I guess we're in the middle of winter which may be causing what I'll refer to as the Winter Blues. Not that we have that much to be blue about. This winter has been mild compared to last winter. Last winter, I was still living in the Big City while my husband and oldest son lived up here in The Country under ice storms, power outages with no heat that lasted weeks in some areas and a week or more of no school due to bad weather. Well...not this winter!! We seem to be the only area that has not had any snow or even ice too bad. I am a little disappointed only because we have weather like this where I moved from and was looking forward to the opportunity to hate winter.
Thinking about last winter made me start thinking about how my family was split for 6 months. I remember driving the hours to stay for a long weekend and how my heart would break when we had to travel back without half my family. I had forgotten how it tore at my heartstrings to not be here for my son's band concerts or school meetings. I had forgotten the desperation to see my husband even if it were for just one night and a day. There are many things I have started to take for granted just being up here for the last 6 months.

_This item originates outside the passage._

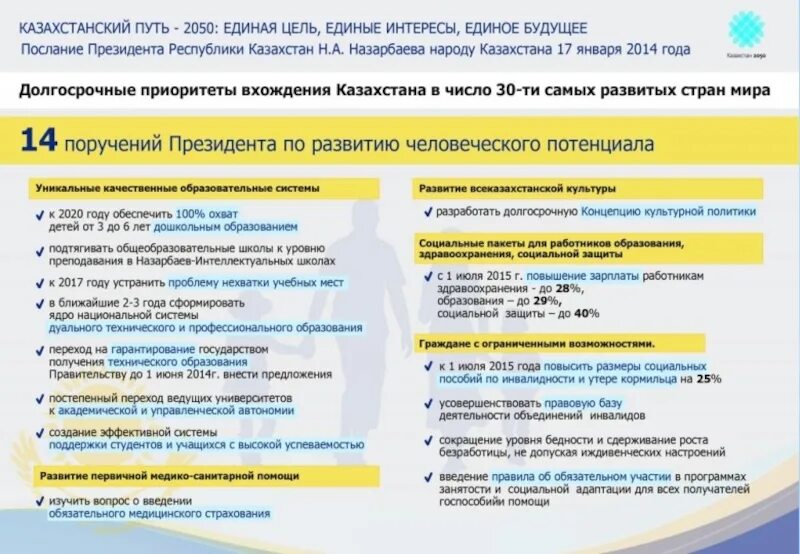 Прямой программа казахстан. Послание назарбаева единая цель единые интересы единое будущее. цель визита поездки в казахстан послушать послание президента.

It was my friends and family who helped us get through being apart for 6 months. You know who you are (assuming you even glance at my blog) and I'll be forever grateful for putting us up and putting up with us! Hahaa!

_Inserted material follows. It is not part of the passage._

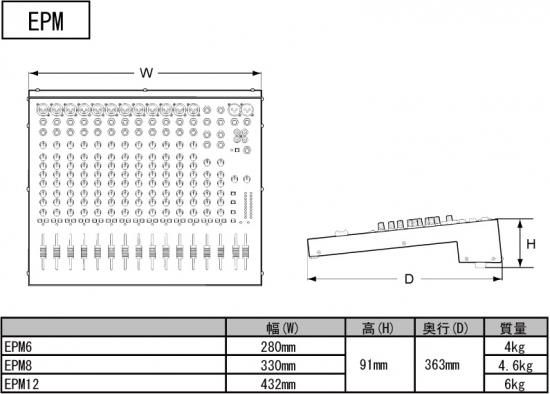 Soundcraft サウンドクラフト EPM8 コンパクトミキサー（新品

I do not regret that time of separation as difficult as it was. We learned so many things about one another. Some relationships became closer. Some people were not taken for granted as often. Some hurts were healed. And deeper friendships were developed.
I am so glad that we have built a family together here. Sure I miss my family and friends that we left behind. But The Country has been a positive influence in my family. My boys are doing well in school and are enjoying new friends. We are experiencing things in The Country we would never have the opportunity to explore in The Big City. Things are slower here. Smaller...more accountable. And closer. You tend to treat people differently when you know you will bump into them anywhere.
Nothing is a guarantee. No one knows what tomorrow will bring. Living one day at a time with what you are given today is the secret to happiness and satisfaction.